## Material for this exercise
--- START ---
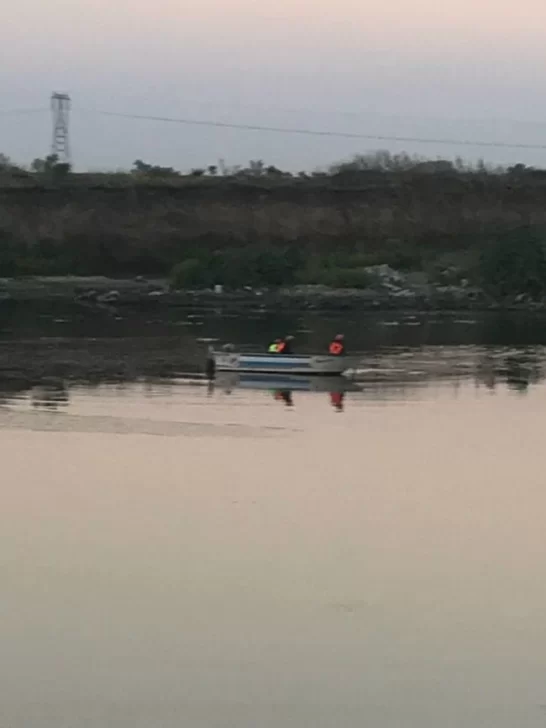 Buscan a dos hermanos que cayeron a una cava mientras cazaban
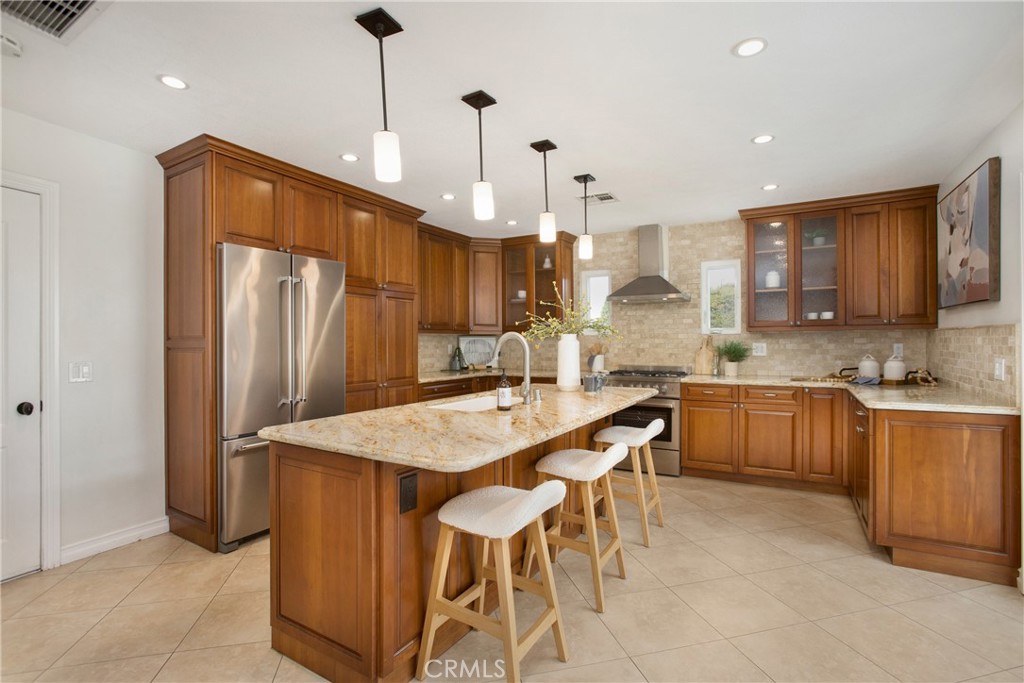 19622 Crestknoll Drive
--- END ---
--- START ---
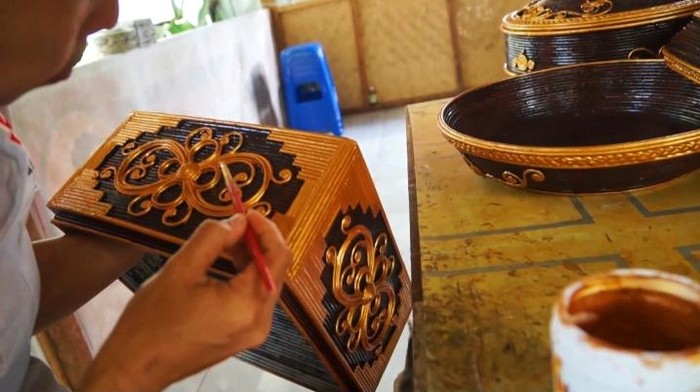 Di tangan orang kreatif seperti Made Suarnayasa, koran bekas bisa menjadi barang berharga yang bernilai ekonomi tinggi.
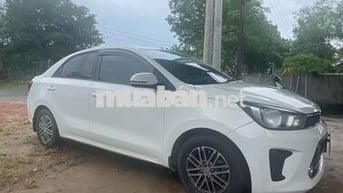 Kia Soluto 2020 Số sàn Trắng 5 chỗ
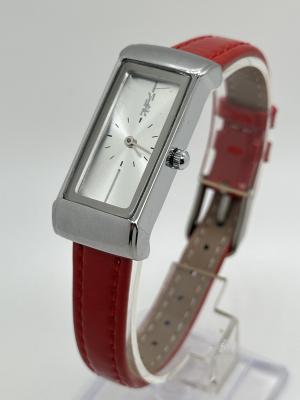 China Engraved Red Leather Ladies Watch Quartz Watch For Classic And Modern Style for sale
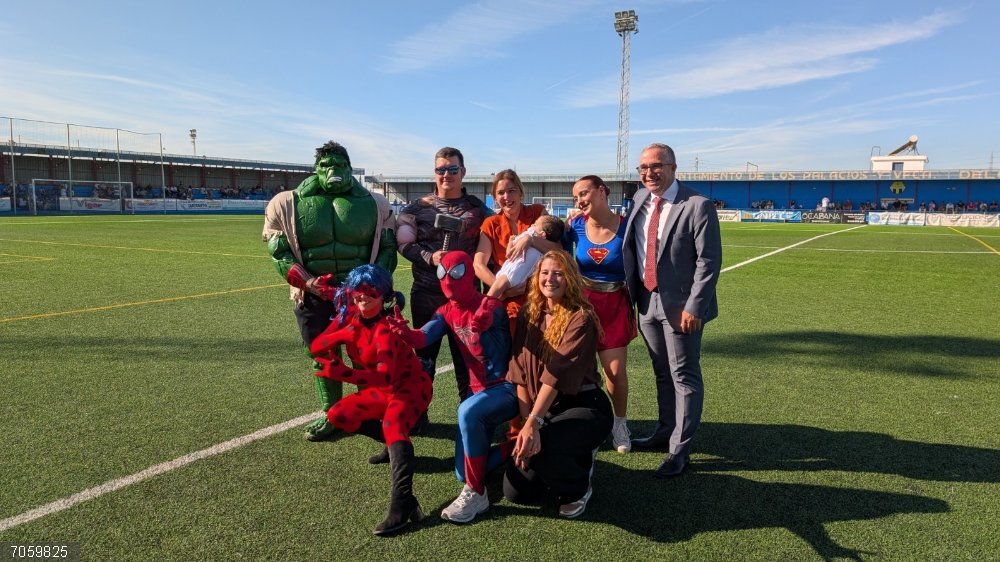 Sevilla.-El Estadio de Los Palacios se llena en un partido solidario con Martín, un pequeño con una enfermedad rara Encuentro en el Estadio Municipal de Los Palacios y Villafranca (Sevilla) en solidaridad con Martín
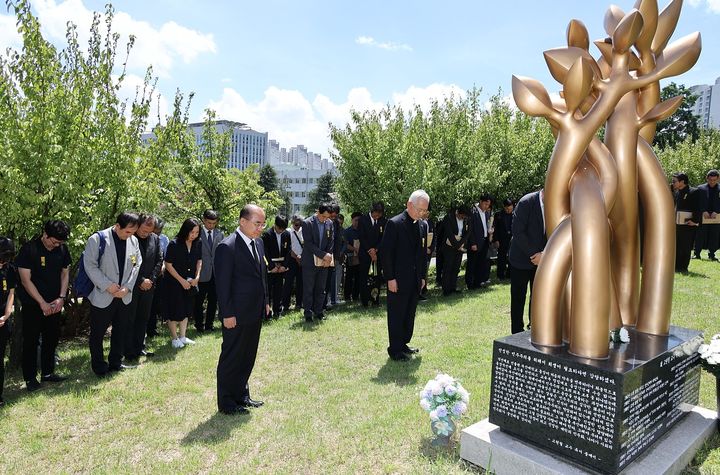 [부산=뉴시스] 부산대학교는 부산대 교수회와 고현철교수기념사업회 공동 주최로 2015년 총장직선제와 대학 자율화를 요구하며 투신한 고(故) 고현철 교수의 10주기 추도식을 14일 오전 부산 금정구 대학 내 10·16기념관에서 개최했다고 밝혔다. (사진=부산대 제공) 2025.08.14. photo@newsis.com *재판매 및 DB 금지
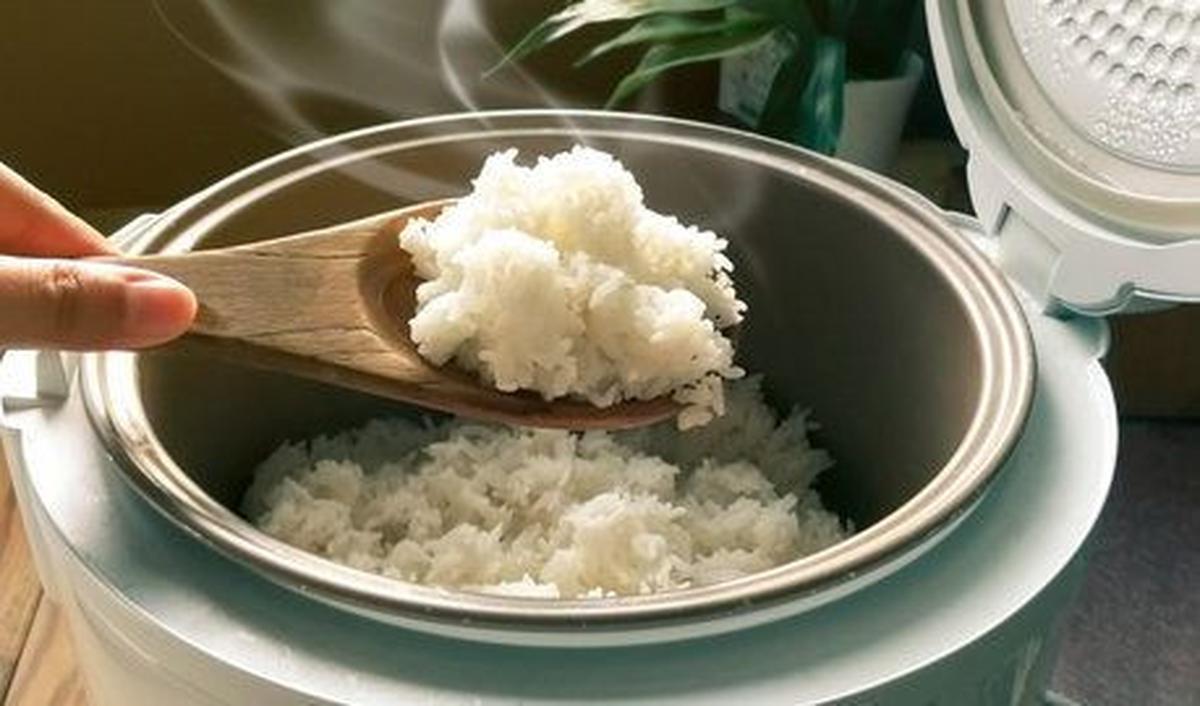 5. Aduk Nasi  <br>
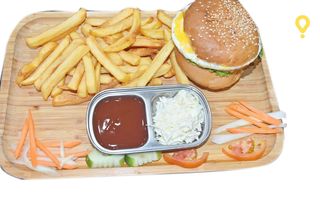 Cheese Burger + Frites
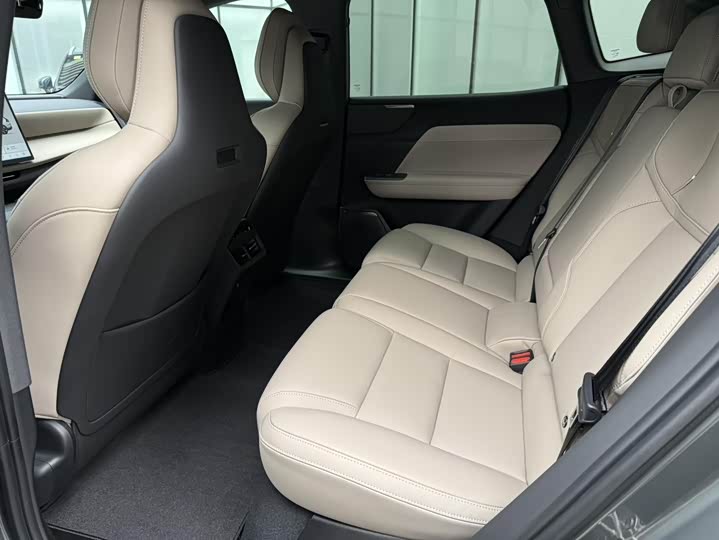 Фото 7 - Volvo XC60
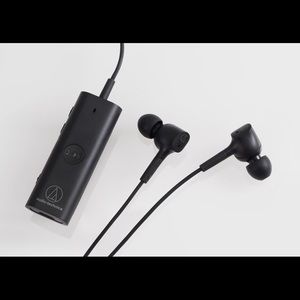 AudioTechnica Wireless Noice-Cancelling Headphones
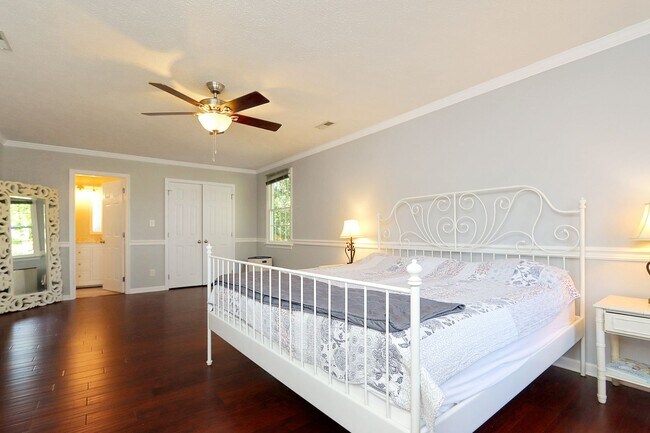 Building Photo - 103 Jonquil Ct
--- END ---
--- START ---
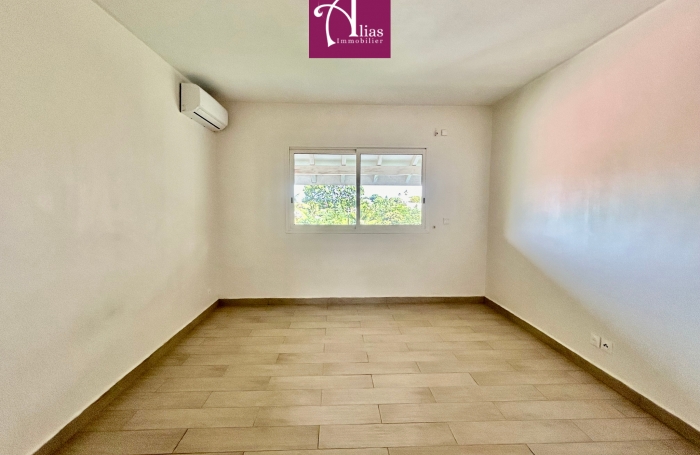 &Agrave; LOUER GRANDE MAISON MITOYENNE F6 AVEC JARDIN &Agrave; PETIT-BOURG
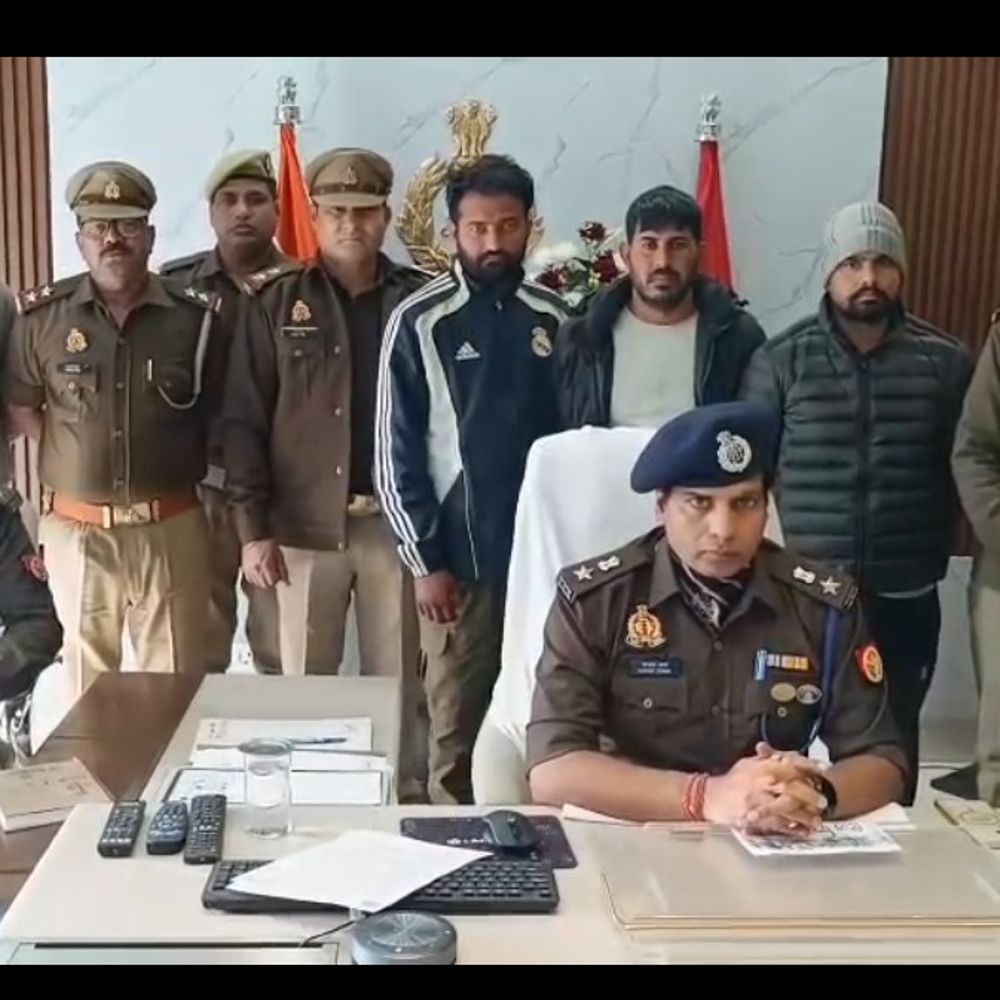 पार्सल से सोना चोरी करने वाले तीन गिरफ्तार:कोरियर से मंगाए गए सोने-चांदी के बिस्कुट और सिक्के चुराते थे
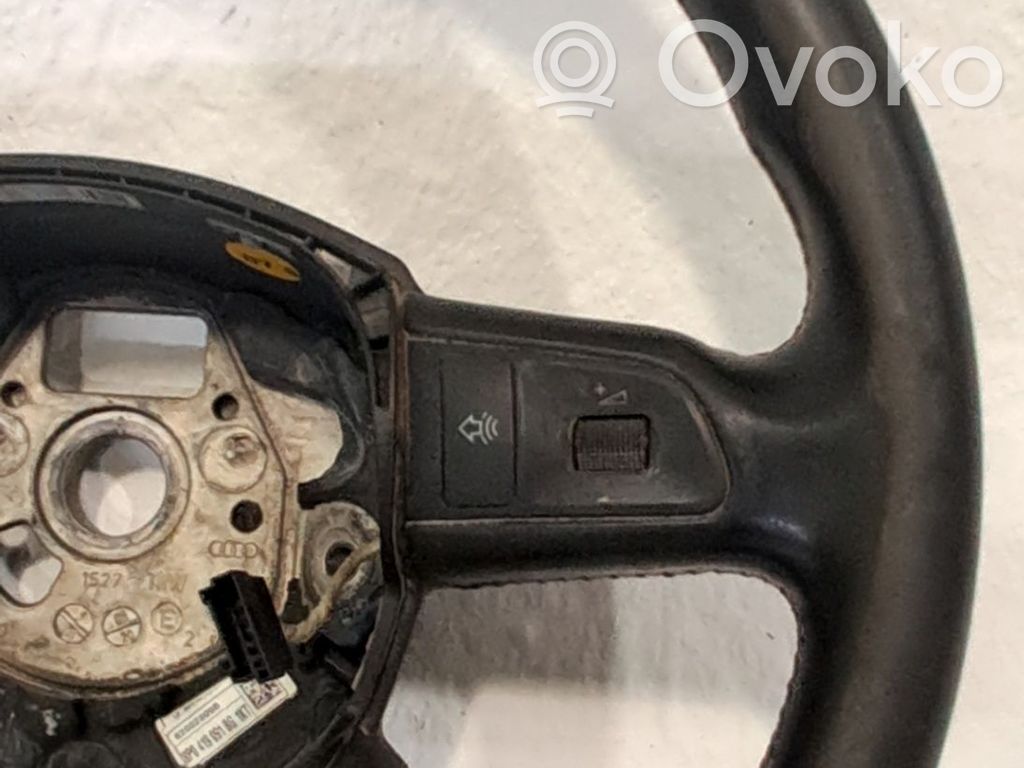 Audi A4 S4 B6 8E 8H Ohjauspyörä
--- END ---
## Work order
The answer must be the lines above from the one containing "Buscan a dos" through the one containing "19622 Crestknoll Drive", reproduced exactly, with no pictures and nothing else.

## Answer to the exercise
 Buscan a dos hermanos que cayeron a una cava mientras cazaban
 19622 Crestknoll Drive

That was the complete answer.